Hace expresar con evidencias concretas que un verdadero lla­mado y encuentro cambia para siempre la vida. El encuentro del Señor en gloria con Saulo en el camino de Damasco fue decisivo. Cuando los hombres que iban con Saulo volvieron en sí, vieron que había perdido la vista y tuvieron que conducirle hasta la ciudad. ¡Qué cambio tan radical! En lugar del orgulloso fariseo que cami­naba por las calles con los aires de un inquisidor, aho­ra era un hombre humillado, afligi­do, tembloroso, andando a tientas, necesitado de una mano que le guia­ra. Luego, cuando llegó a la posada y se quedó sólo en medio de la oscuridad, empezó a orar y fue entonces cuando tuvo lugar el verdadero cambio interior en su vida. Fue una verdadera crisis de su intelecto, voluntad y emocio­nes que transformó toda su vida y sus actividades posteriores. Es­tablece una nueva relación con el Señor Jesús: “Yo ciertamente ha­bía creído que mi deber era hacer muchas cosas contra el nombre de Jesús de Nazaret; lo cual tam­bién hice…” (Hch 26, 9-10). Tam­bién con la Iglesia. Cuando Ana­nías fue enviado a servir al nuevo convertido, al entrar a la habita­ción donde estaba le dio la bienvenida de una forma frater­nal: “Fue entonces Ananías y entró en la casa, y poniendo sobre él las manos, dijo: Hermano Sau­lo…” (Hch 9, 17). El temido enemigo de la Iglesia fue recibi­do como un herma­no, como miembro de la familia. Fue por esta razón que se levantó y fue bautizado (Hch 9, 18). Y posteriormente una nueva responsabilidad ha­cia el mundo, ser ‘Apóstol de los Gentiles’. Jesucristo ya había in­dicado a Saulo a través de Ana­nías cuál iba a ser su misión: “… instrumento escogido me es este, para llevar mi nombre en presen­cia de los gentiles, y de reyes, y de los hijos de Israel” (Hch 9, 15). Y Pablo comenzó a cumplir­la inmediatamente en Damasco, donde se encontraba: “En seguida predicaba a Cristo en las sinago­gas, diciendo que éste era el Hijo de Dios” (Hch 9, 20).

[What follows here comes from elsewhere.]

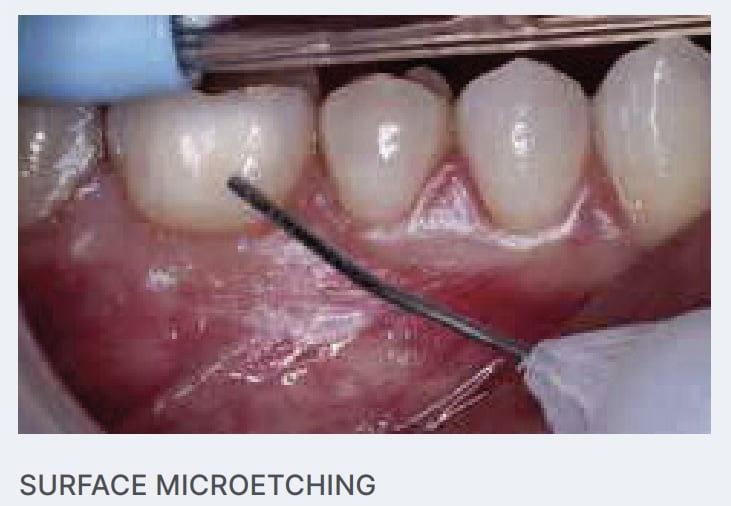 EtchMaster Surface Microetching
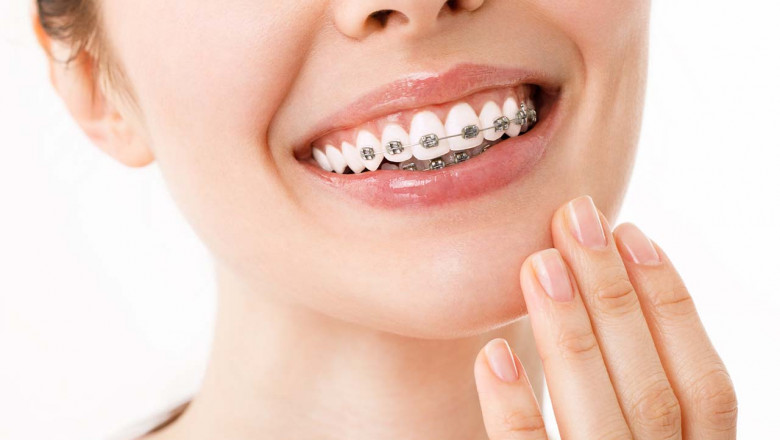 Orthodontic Treatment for Adults: Improve Your Smile and Oral Health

Y formaliza el llamamiento a tes­tificar sobre Jesucristo, pues es un deber adquirido con la conver­sión. Para Pablo era una necesi­dad: “¡Ay de mí si no anunciare el Evangelio!” (1 Cor 9, 16). Se convierte en el ‘Apóstol de los Gentiles’.

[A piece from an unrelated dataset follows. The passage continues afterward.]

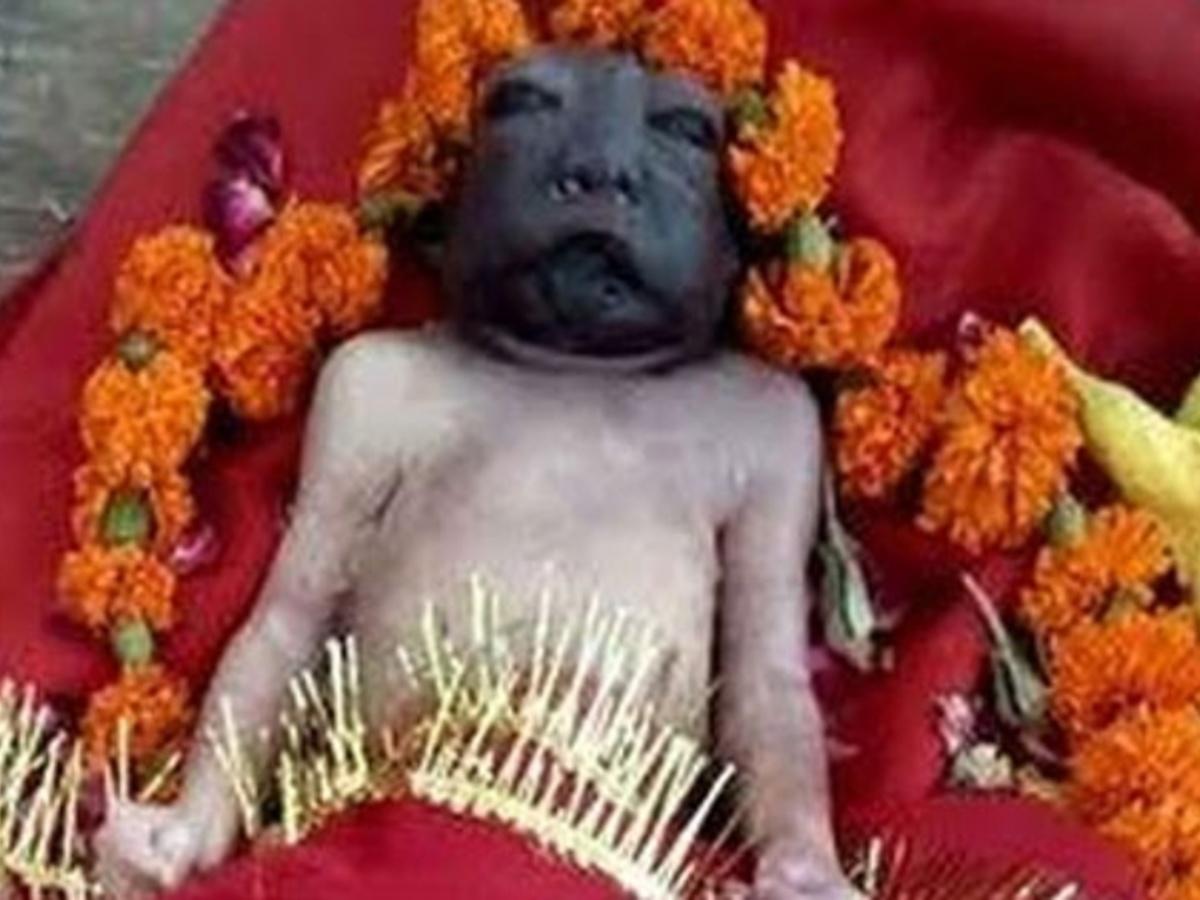 Only In India Are Kids With Birth Defects Worshipped As Gods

Nota: el cambio de nombre de Saulo en Pablo es un signo de que Él ha cambiado de estado: de ju­dío perseguidor (Saulo) a Apóstol predicador del Mesías, y como apóstol esclavo de Dios y de Cristo, y como Apóstol también un instrumento humano pequeño (Pablo) y de poco valor, al que sin embargo Dios escoge para una al­tísima misión.